Now it’s your turn: What would YOU like to know more about? Is it more about the animals we bring up in our trawls? Maybe it’s to learn more about life on the Oregon II, and specifications about this ship. Perhaps you’d like to know how to become a scientist with NOAA and work on board one of their many ships.  Leave your questions in the “Comments” section below (you are welcome to do this in any of my entries), and I’ll do my best to answer them!

Don’t forget to keep an eye out for the challenge questions, which from this point forward I will refer to as the “Critter Query”.

20 Replies to “Andrea Schmuttermair: Eager Anticipation from Land-locked Colorado, June 7, 2012”

  1. Hey Ms.schmuttermair I was wondering if you could put a few science challenge before you go oh and i’m getting two or one box turtles can i bring them to class next year make the challenges hard not easy bye for now

    1. Thanks for reading and checking in, Trinity! I’ll put some questions up as soon as I’m on the boat. Congratulations on your box turtles- they will be fun!

      1. Thanks and l have one and it’s a girl russian tortoise i miss you

  2. So excited to follow you on your fantastic journey!! Have a blast and learn lots:) We will be eagerly awaiting your post on the type of “critters” you find!

  3. Yeah! Another exciting adventure,I can’t wait to read all about it, and I hope I can answer the critter queries 😉 have so much fun!

  4. Enjoy your exciting adventure! I hope to read more about your experience (& pass it along to my grandkids). You are an awesome role model!

  5. Hey Ms. Smuchmuttermair,
    It’s your sixth grade Leila. Just wanted to see how you were doing on your AWESOME trip! I hope you learn a lot!

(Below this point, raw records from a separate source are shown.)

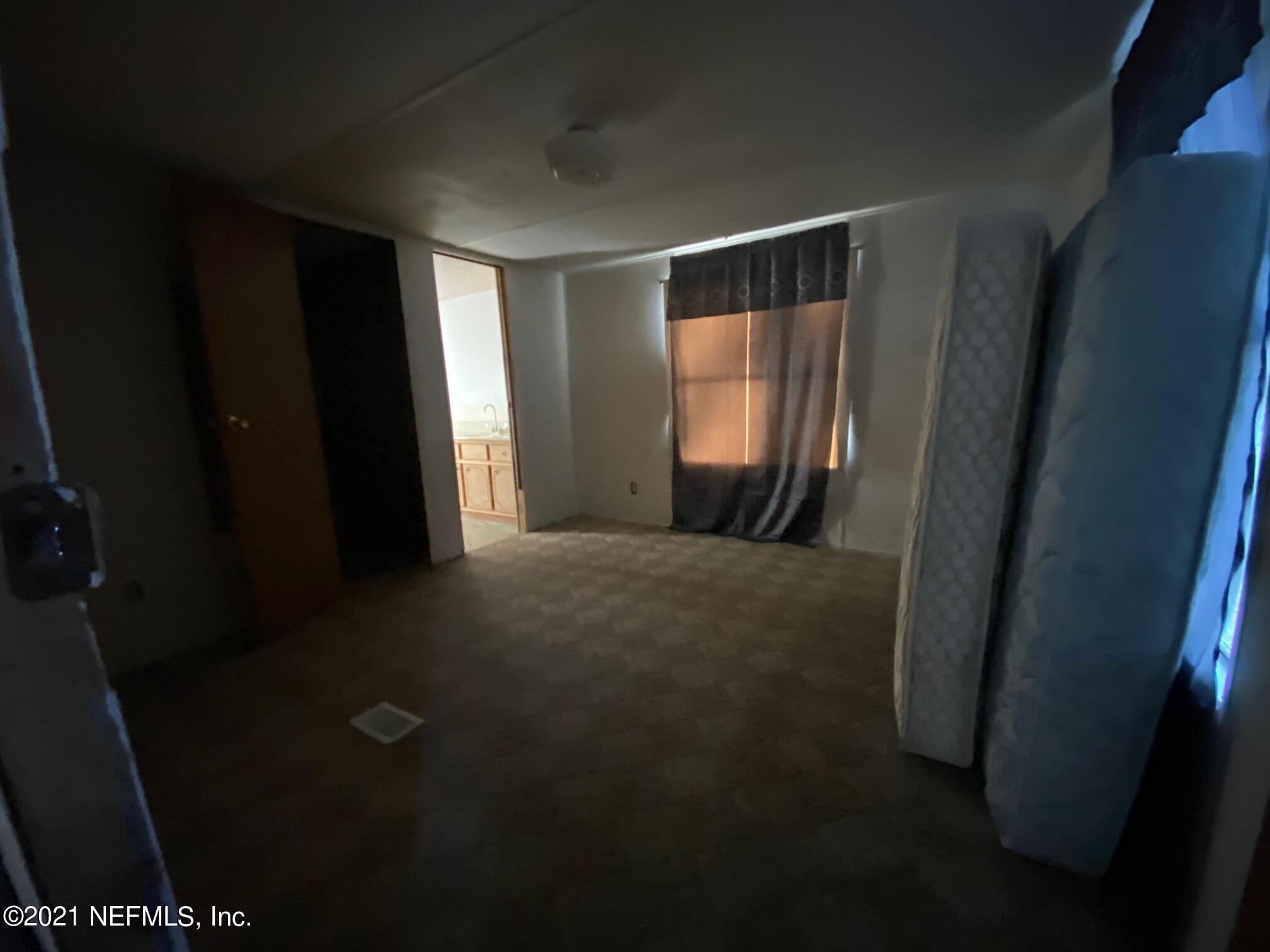 196 Indian Lakes Road Hawthorne, FL 32640 - Photo 16 of 27 a view of empty room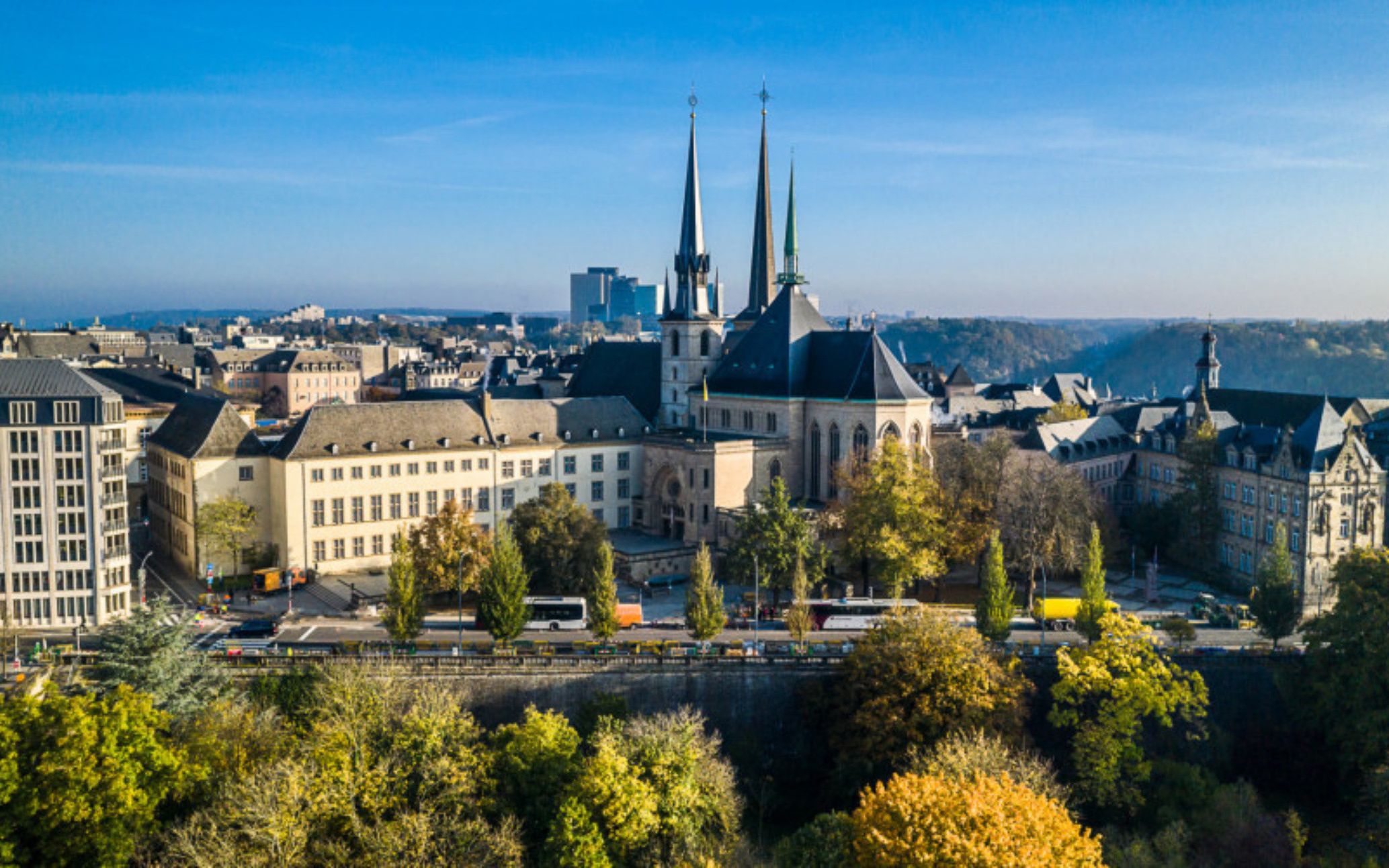 七丘之城世界最富有的城市之一全球第二大基金管理中心卢森堡城卢森堡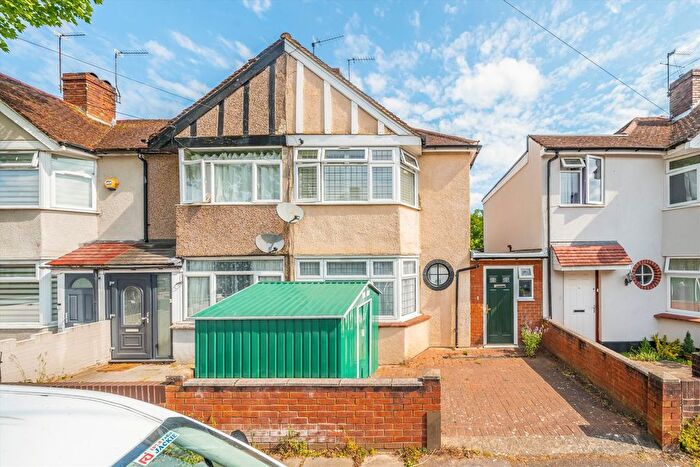 2 Bedroom End Of Terrace House To Rent In Saxon Avenue, Feltham, TW13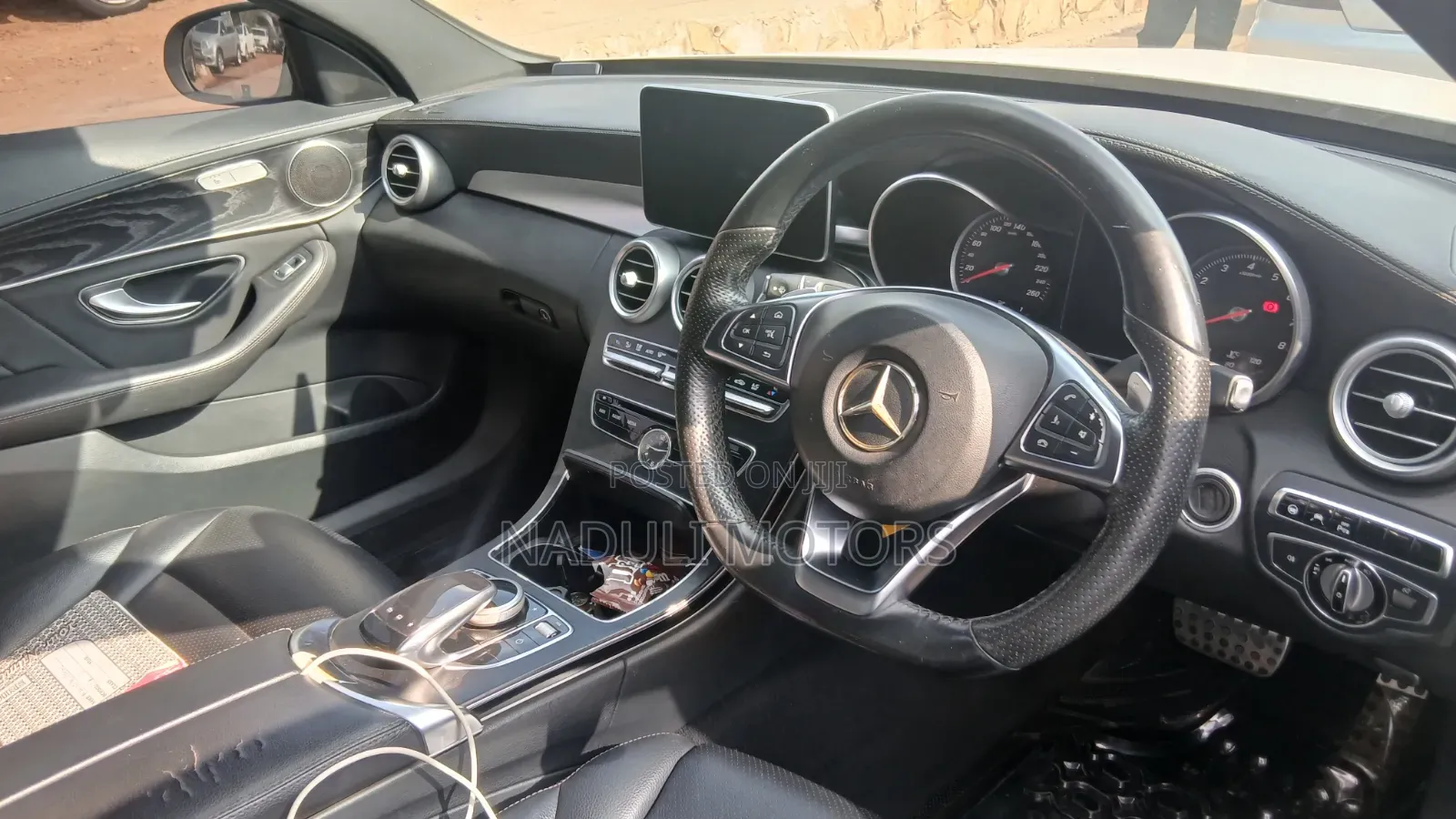 Mercedes-Benz C200 2015 White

  6. Hey Ms. Schmuttermair!!!! It looks like you are having tons of fun at this program! I will miss you next year as I go to seventh grade. Please keep posting more photos! Thank you!

    Audrey Herrera

  7. So wonderful to hear from all of you! I am having a BLAST so far. It’s been very busy, and a lot of work, but I am loving every minute of it. We’ve seen all sorts of critters from fish to squid to sharks. Stay tuned for the next blog entry!

  8. Hi Andrea, I’m glad to hear you’re having a fun and informative trip so far. Have you pulled up any shrimp yet? Uncle George and I used to buy and eat loads of shrimp right off the docks in Biloxi, MS, so I’m curious as to how the oil spill has effected them, if at all. What about food, are you allowed to eat any of your catch or are they strictly for study? Enjoy the rest of your trip, see you soon!

    1. Oh yeah, we’ve had lots of shrimp! Doesn’t seem to be any lasting effects from the oil spill. We get to eat some of the catch- just had a shrimp omelet this morning from the shrimp we caught this morning. We also caught a 20lb red snapper yesterday and had that for lunch. tomorrow they’re making some shrimp gumbo- yum! Love all the fresh seafood!

  9. Hey Ms. Schmuttermair how is the trip so far? Wesson looks like my dog but more furry.

    1. Hi Cameron! It’s been great so far, and I’m learning a lot. We’ve seen some neat animals too- you’ll see the cow nose ray we caught in my next blog. I’m sure I’ll see you at Freedom Service Dogs doggie plunge again at the end of summer!

  10. I am so excited for you and can tell you are learning so much and having fun! I can’t wait to see photos when you get back.